O2 cools down data centres to save energy as 4G and 5G hot up – O2 The Blue

  • Network upgrade set to save equivalent of 1m kilos of CO2 year-on-year
  • With mobile data use hotting up to record levels, O2 is radically overhauling its data centres and core network sites with new cooling technology, predicted to deliver energy savings equivalent to 1 million kilograms of CO2 year-on-year
  • As lockdown eases, mobile data use continues to grow: in the first week of May, the O2 network carried approximately 55% more peak hour data throughput than it did in the same week last year
  • To meet soaring data demand, prevent overheating and save energy, O2 is upgrading its data centre kit, with brand new smart sensors and intuitive software – and swapping energy-intensive air con for fresh air cooling
  • The only mobile network operator to commit to net zero by 2025, O2 has reduced carbon emissions in its operations by 29% since 2015, and has achieved a 35% reduction in supply chain emissions since 2016

As lockdown eases and mobile data use sees 4G and 5G consumption hot up to new records, O2 is rolling out brand new smart cooling technology to better control the temperature at its data centres and boost the efficiency of its network – delivering energy savings equivalent to one million kilograms of CO2 year on year.

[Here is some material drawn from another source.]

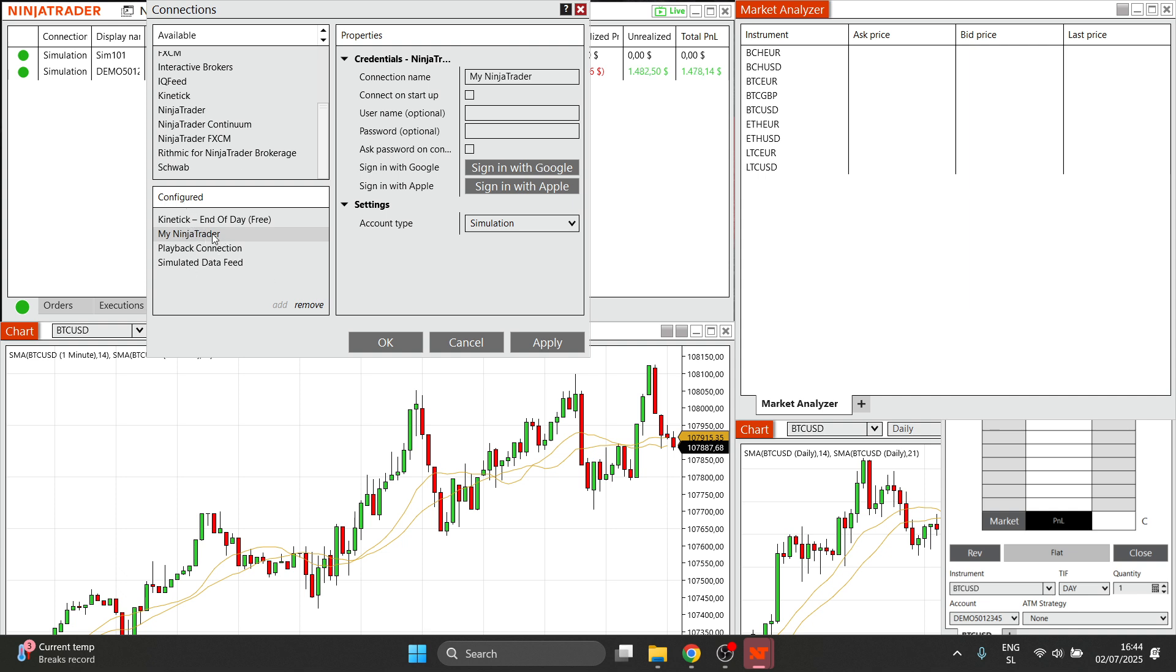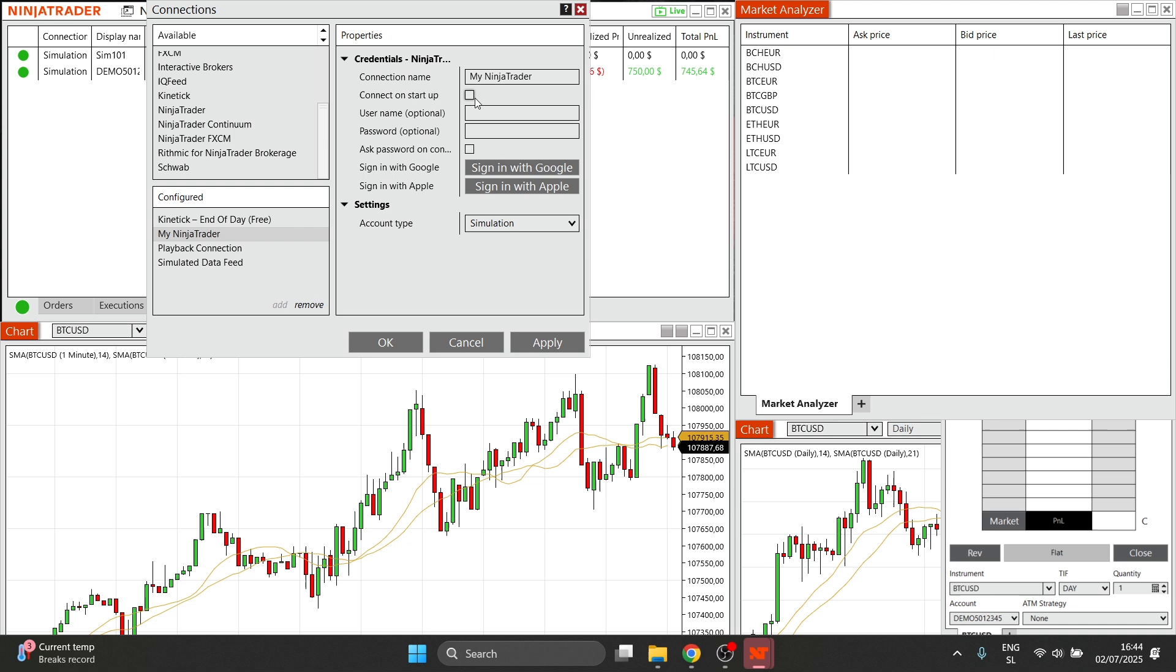Then click on that. Over here on the right, you're going to see a bunch of different things. You can see My Ninja Trader is going to be the connection name, and then you can see the username and password, which are both optional. The first thing you should do is put in your username and password, which are the ones you got provided inside your Take Profit Trader account.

In the last 12 months O2 has carried record levels of data – up 89% from the pre-pandemic average in 2019.[1] As the UK emerges from COVID-19 restrictions, our appetite for mobile data is expected to continue growing (with the O2 network carrying an average 55% more peak hour data throughput in the first week of May than it did in the same week in 2020)[2] – putting pressure on data centres and creating carbon emissions from ‘hot’ equipment that needs cooling.

To help build a greener network, O2 is radically overhauling its data centres and core network sites with brand new, energy-efficient cooling equipment to regulate temperatures at the sites that keep its mobile network running. The new equipment uses the natural cold air outside to help cool data equipment when it needs it – rather than relying solely on traditional electric-powered air conditioning. Using fresh air also reduces O2’s reliance on polluting refrigerant gases.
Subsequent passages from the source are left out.